Introducing Sable-EBNF Converter

Published in Software

The Sable-EBNF converter is a Windows tool that I have been working on for while to solve one particular problem: SableCC grammars are not as prolific as grammars for some other popular parser generators.

SableCC is an open-source Java based context-free parser generator, capable of generating code in a number of languages (including my favourite, C#). It's grammar format is neat and quite deliberately derived from EBNF, it certainly is not EBNF itself. EBNF is a very simple format that can carry a machine- & human-readable definition of any context-free grammar. The problem is that while it is machine readable, EBNF doesn't carry enough information for the typical parser generator due to the multi-step pipeline usually employed. The other drawback of its simplicity is that there is no support for defining character ranges 1.

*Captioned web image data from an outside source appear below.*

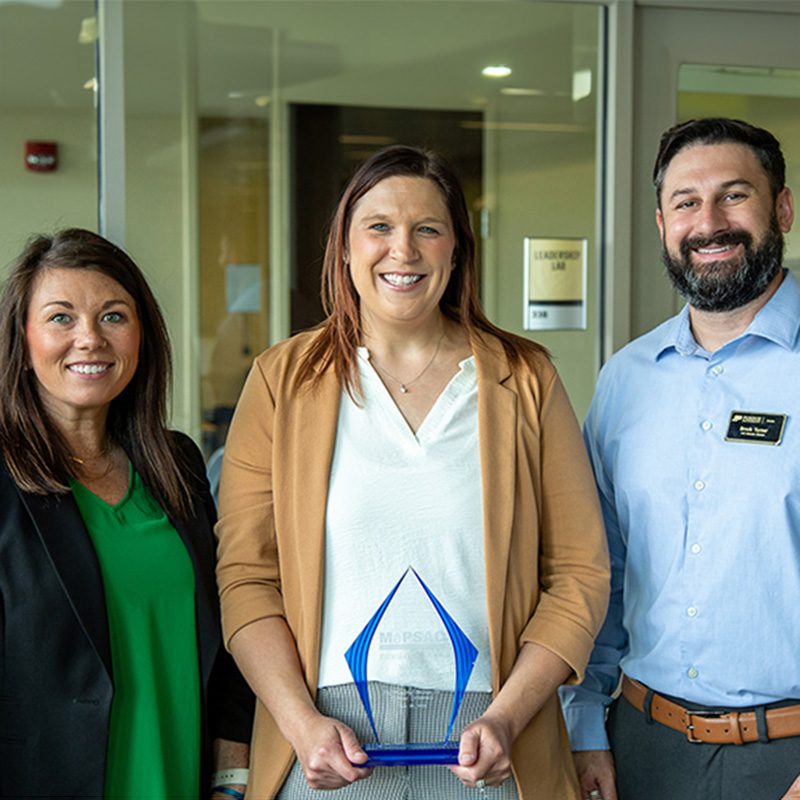 Margie Jones holding the 2025 MaPSAC Excellence Award
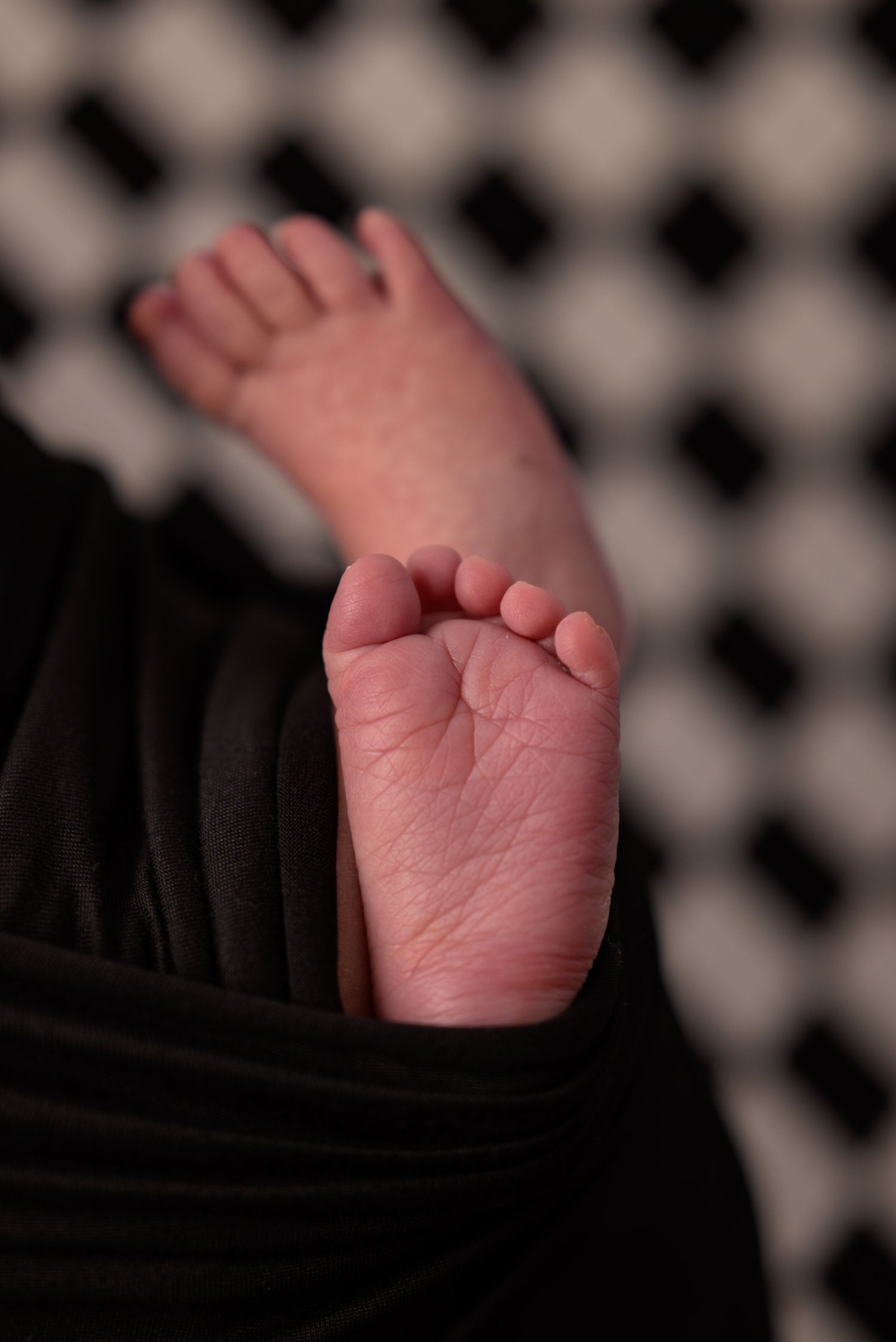 Close-up of tiny newborn baby feet peeking out from black swaddle wrap.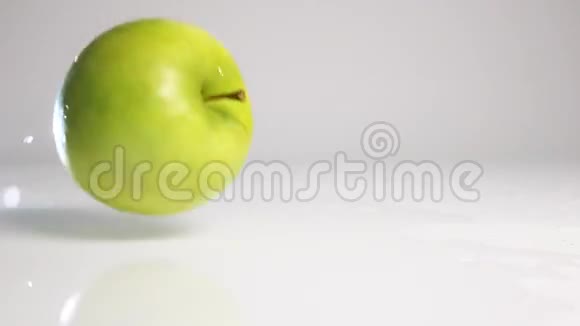 绿苹果落在白色的表面上视频的预览图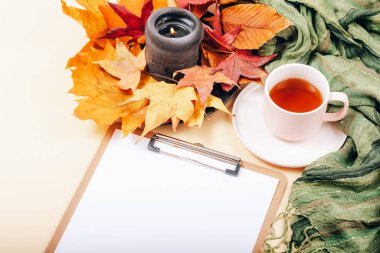 Boş panolu bir masaüstü, bir fincan çay, sonbahar yaprakları ve açık bej arka planda mum. Üst görünüm, model.
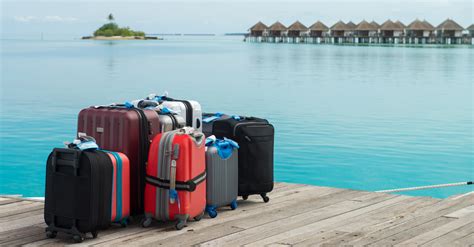 Luggage on a dock with overwater bungalows in the background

As a result, every parser generation project has come up with its own definition of what an EBNF-styled grammar should look like with extra features to take advantage of the particular features of the project's tool. SableCC is no different. Personally I quite like SableCC because its output is very clean - by design it has no facility to allow a grammar author to insert native code into a grammar for inclusion in the generated parser, enforcing a language independent approach.

The goal

SableCC has been left in a situation where fewer grammars are available to it than some other generators such as YACC/Bison and JavaCC. However many grammars in the EBNF family are available, some written in pure EBNF. And while its quite possible to hand convert these grammars to the required format, some tool support would be nice. The Sable EBNF convert aims to make conversion from EBNF and derivatives into SableCC's grammar format a faster, easier process.

The tool (work in progress)

The tool is a Windows WPF application (.Net 4 required). Sable EBNF converter  UI The general workflow is as follows:

  1. Provide a EBNF file to convert
  2. The converter will have a stab at classifying structures found in the EBNF grammar as helpers, tokens or productions based on some deterministic rules.
  3. The result will be shown the user as above
  4. The user then gets to fix the leftover errors. The most common issues are items being mis-classified structures, and stupid names. As more rules are added the translation should become a bit less dim.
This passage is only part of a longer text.